Given an Extended Backus Naur Format (EBNF) description of the syntax of a language, it is relatively easy to generate code which will build parse trees from source programs. With a bit of additional annotation in the EBNF, an Abstract Syntax Tree (AST) builder can easily be generated.
For example, given the following description:
expression = term {`+' term <plus 2> | `-' term <minus 2>} term = factor {`*' factor <multiply 2> | `/' factor <divide 2>} factor = number | identifier <value 1> | `(' expression `)'
along with some additional information about numbers and identifiers, it is easy to generate a program that can turn an expression such as
a + b * (c - 1)
into the following abstract syntax tree:
It is equally easy to translate this tree into code like the following:
plus(value(identifier(`a')), multiply(value(identifier(`b')), minus(value(identifier(`c')), number(`1'))))
This code in turn, can easily be compiled and run, provided that suitable definitions exist for the function calls. Clearly, these functions can be specified in a programming language and constitute a formal definition of the semantics of the original language.

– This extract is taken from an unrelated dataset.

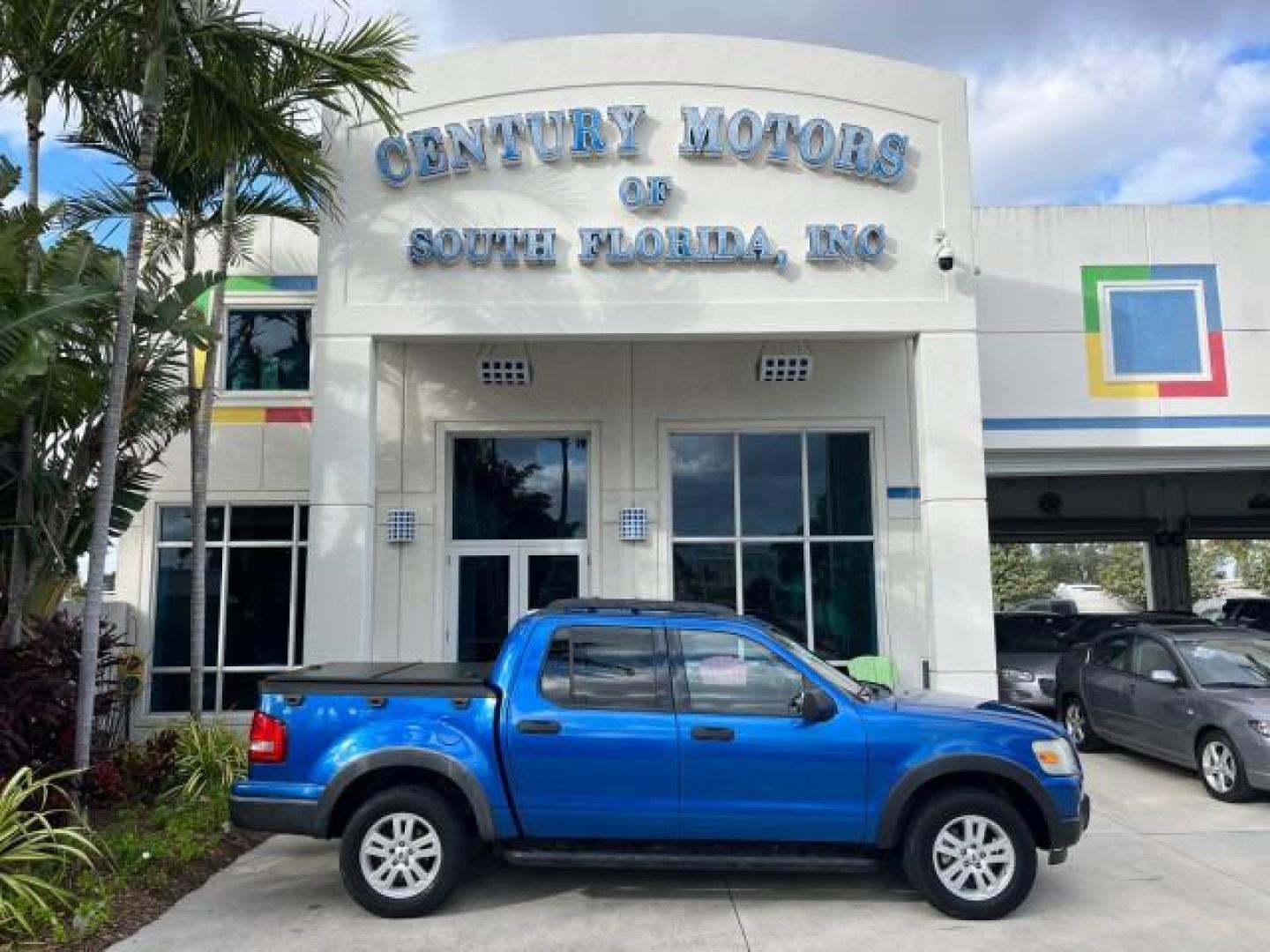 2010 Blue Flame Metallic /Dark Charcoal Ford Explorer Sport Trac 1 OWNER XLT LOW MILES 73,038 (1FMEU3BE9AU) with an 4.0L SOHC 12-Valve V6 Engine engine, Automatic transmission, located at 4701 North Dixie Hwy, Pompano Beach, FL, 33064, (954) 422-2889, 26.240938, -80.123474 - OUR WEBPAGE FLORIDACARS1.COM HAS OVER 100 PHOTOS AND FREE CARFAX LINK 2010 FORD EXPLORER SPORT TRAC XLT ROAD READY 4.0L V6 VIN: 1FMEU3BE9AUF01026 NO RECALLS 1 OWNER SPORT PICKUP LOW MILES 73,038 4.0L V6 F SOHC 12V 17 SERVICE RECORDS GASOLINE POWER SEATS 4.1FT BED REAR WHEEL DRIVE PARK SENSORS 4.1' B - Photo#0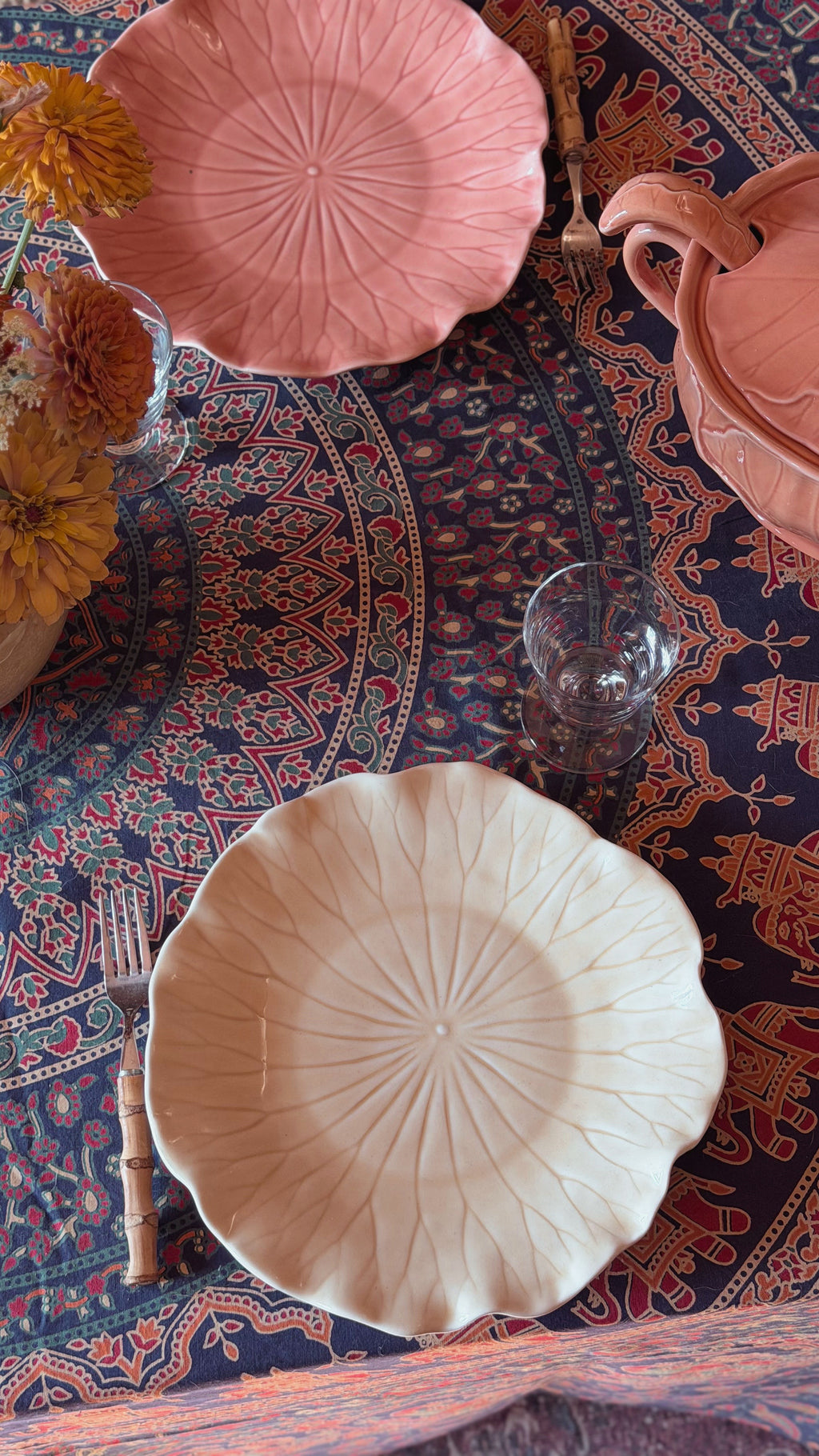 A styled tabletop arrangement featuring ceramic plates and a matching pink pitcher on a patterned blue and red tablecloth, with flowers and a glass in the scene.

For example, modules identifier and number (written in the Slim programming language) fully specify the semantics of the expression language defined by the EBNF above. To obtain an executable version of the expression program, simply compile the textual version of the AST and link in the compiled versions of identifier and number. Details of how an actual compiler for the expression language defined above, can be constructed, appear in another section.
Expressions are particularly easy to handle. Basic control flow, such as instruction sequences, if-then-elses, and loops are almost as easy. Disguised gotos like loop exits and early returns from functions and procedures are somewhat less easy, while explicit gotos and exceptions are not easy (and perhaps better left out of programming languages).
Declarations and definitions can be treated as expressions which create objects such as constants, types, variables, functions and procedures and bind them to names in the current scope.